Bachtrack is asking the same six questions to many composers this month as part of its focus on contemporary music. Here’s what Joahnnes Maria Staud had to say.
1. What influences are important to you and your music? Do you choose them, or do they choose you?
All kinds of influences, from literature to visual arts, from philosophy to science, from cinema to politics, from conversations with friends to rambling in nature, ... are important to me. As a composer you go through life with open antennas, everything can be an inspiration, be of interest for a new piece. It is probably a mutual choosing between the influences and me – call it coincidence.
2. What (if anything) do you want listeners to take away from your music?
I can’t answer that. I am glad that music is abstract enough so that the listener can follow his instincts, his emotions while listening – if he is not stuffing his open ears with biases...
3. Is there a composition of yours which you are most satisfied with? What makes it successful?
This is a a difficult question. There are some compositions of mine which might have achieved more than others, but also my own assessment and appreciation may change from time to time, depending on which piece I am writing at the moment. But apart from the pieces I withdraw for revision (which happens from time to time) I love all of them like different snapshots of certain periods of my life as a composer and a human being.
4. How important is new technology to you as a composer?
It is getting more and more important in my output. Apart from pieces including live electronics or tape parts, the preoccupation with electronical questions and experiments can also inspire other, purely instrumental, orchestral pieces.
5. What music do you enjoy listening to?
I am listening to all kinds of music, new music, classical music, rock, world music or jazz. As preparation, before starting to compose a new piece, I am often studying pieces of other composers (in similar instrumentations), pieces I want to discover, pieces I don’t know well enough so far, or pieces I want to give a close watch to again. Rock music was also inspiring me for a long time, but I have lost a bit of interest in that recently. In periods of intense composing I do not listen that much to other music. I’d rather say, I run away from music then, but in all other periods it is important for me.
6. How is composing changing, and where do you want new music to go in the future?
I keep working. That is my answer to this question. As a composer I keep going, while I am hopefully developing new paths, discovering new shores. Where music generally is going is decided by all my colleagues every day when they write new pieces.
Johannes Maria Staud was born in Innsbruck, Tyrol, on 17 August 1974. However, nothing would be further from the truth than to call him a ‘Tyrolian composer’. In no way is he a provincial figure – in fact, ever since he joined Universal Edition in 2000, at the age of 26, he has become one of the most successful composers of his generation, with prestigious commissions from some of the greatest orchestras and festivals in the world.

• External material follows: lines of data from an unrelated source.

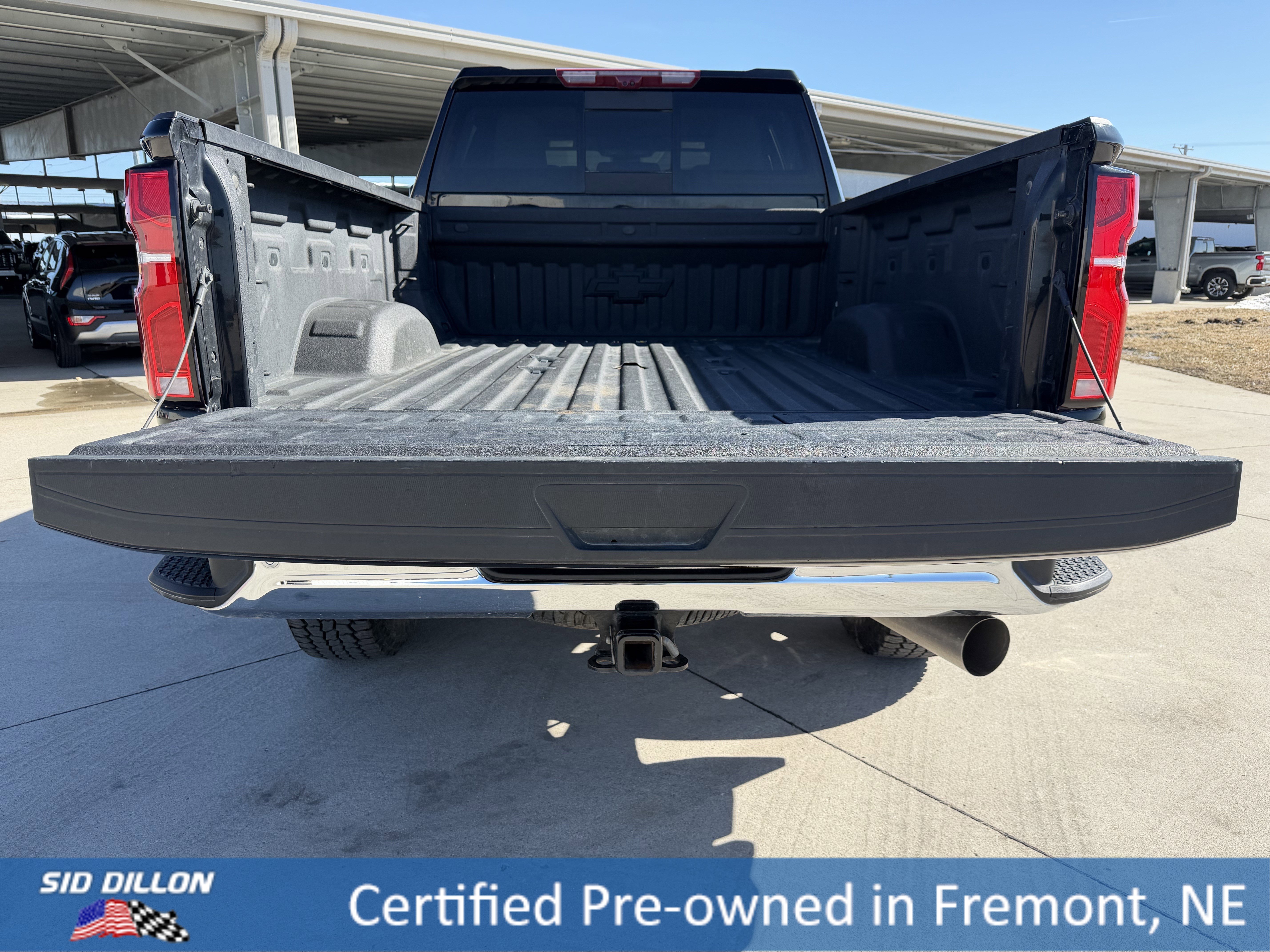 2025 Chevrolet Silverado 2500HD LTZ - Photo 11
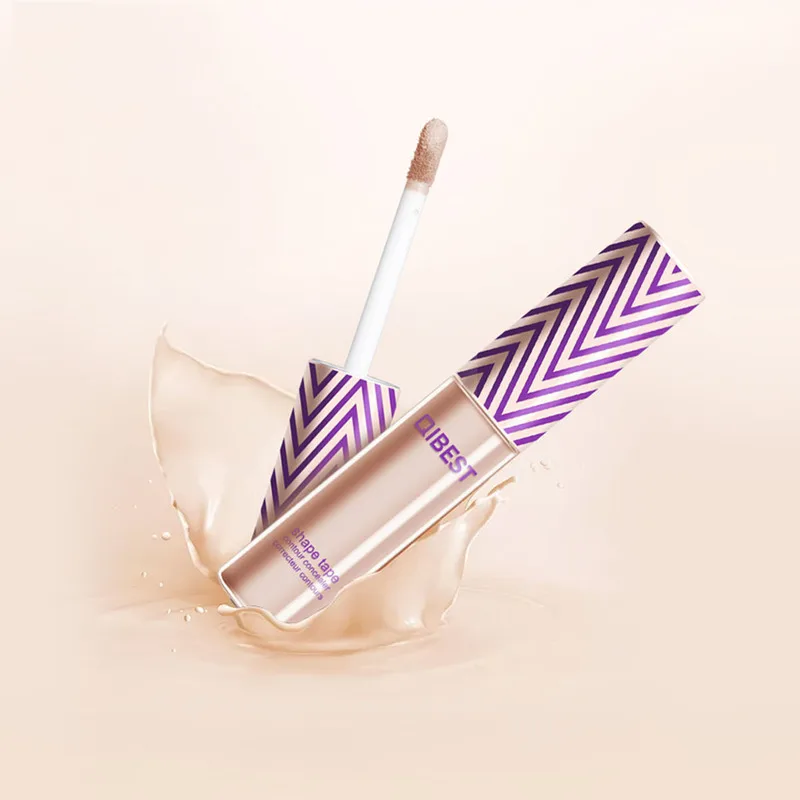

Concealer Waterproof Make Up Long Lasting Face Contouring Pore Acne Full Cover Liquid Concealer Makeup Beauty Cosmetics TSLM1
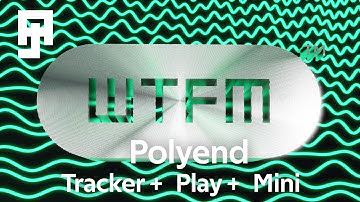 Polyend WTFM Synthesizer Engine Walk through - Tracker Plus, Mini, Play + and Synth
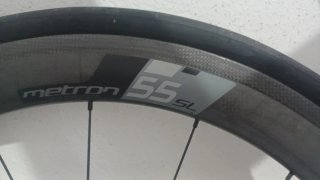 LLANTAS VISION METRON 55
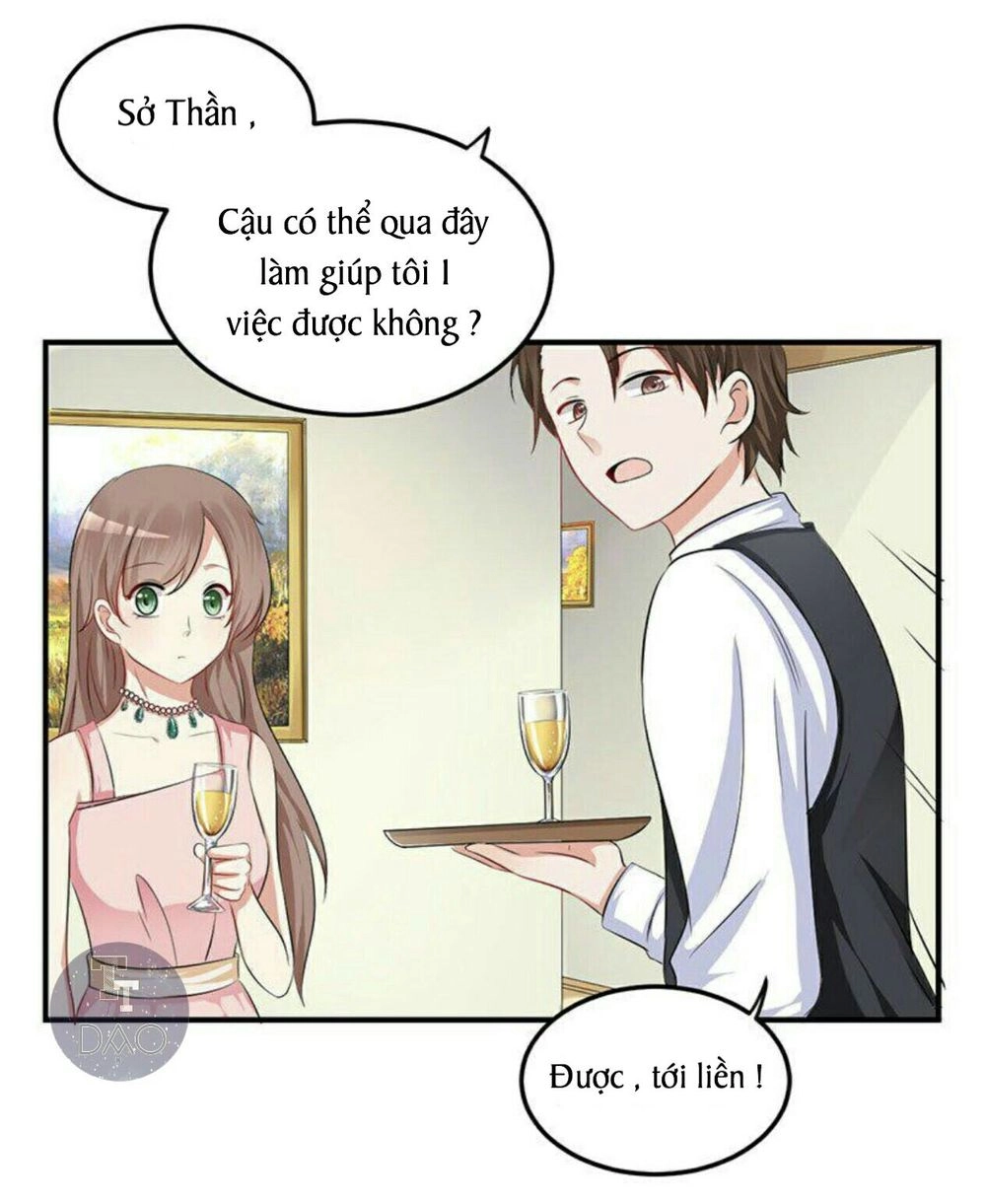 Đoạt Hôn Ác Thiếu Chapter 14 - 34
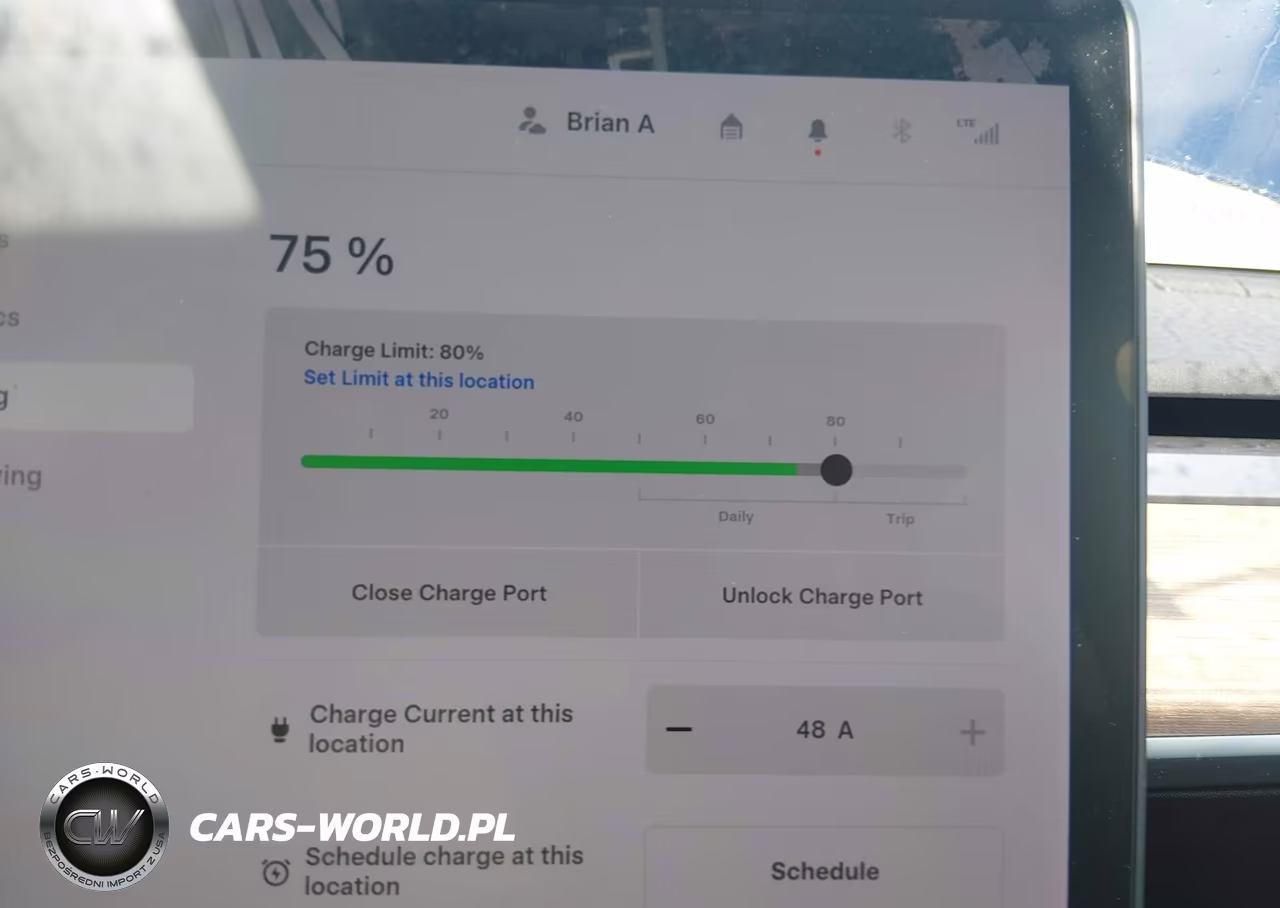 2021 Tesla Model Y Long Range Dual Motor All-Wheel Drive VIN:5YJYGAEE8MF278919 - 17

Sir Simon Rattle asked him for a composition for the Berlin Philharmonic (Aperion, 2004/2005), the Salzburg Festival commissioned a cello concerto from him to be premièred as part of celebrating the 250th anniversary of Wolfgang Amadeus Mozart’s birth in 2006, Segue.
Staud rarely resorts to the method of taking an early piece and re-working it to produce a new one; it is more usual for him to create a series of compositions where the Roman figures (such as Incipit III, Esquisse retouchée II for trombone solo, 2 horns, 3 percussionists and string orchestra) inform one of its links to earlier pieces of the cycle.
Staud is an avid reader and draws inspiration from world literature. He is also an appreciative and sensitive observer of the contemporary art scene (with Bruce Nauman among those who have directly influenced him; cf. Violent Incidents. Hommage à Bruce Nauman for saxophone solo, wind ensemble and percussion, 2005/2006. Film is for him also an art form capable of awakening musical ideas (Black Moon for bass clarinet, 1998, was inspired by Louis Malle’s film of the same title) – the list could be continued indefinitely.
Staud has shaken off early enough the supposed expectations of the music world for a young composer to write in an ‘avant-garde’ style. He doesn't look back at his predecessors to produce pieces easy on the ear, to please conservative audiences. He has found an idiom all his own marked by meticulous work on the large form as well as on the tiniest details (his beautifully written scores are a faithful mirror of this); he takes a long time over each new composition and is its most critical listener at the première. His acute self-criticism has led to some revised versions, such as Segue or One Movement and Five Miniatures for harpsichord, ensemble and electronics.
Johannes Maria Staud’s compositions have all cleared that most difficult hurdle of all: having a second performance. In fact, his music is being taken up by soloists, new music ensembles, chamber groups and orchestras all over the world (including the Far East) so that a tradition of interpretation is in the making – a sign that Staud’s music could be here to stay.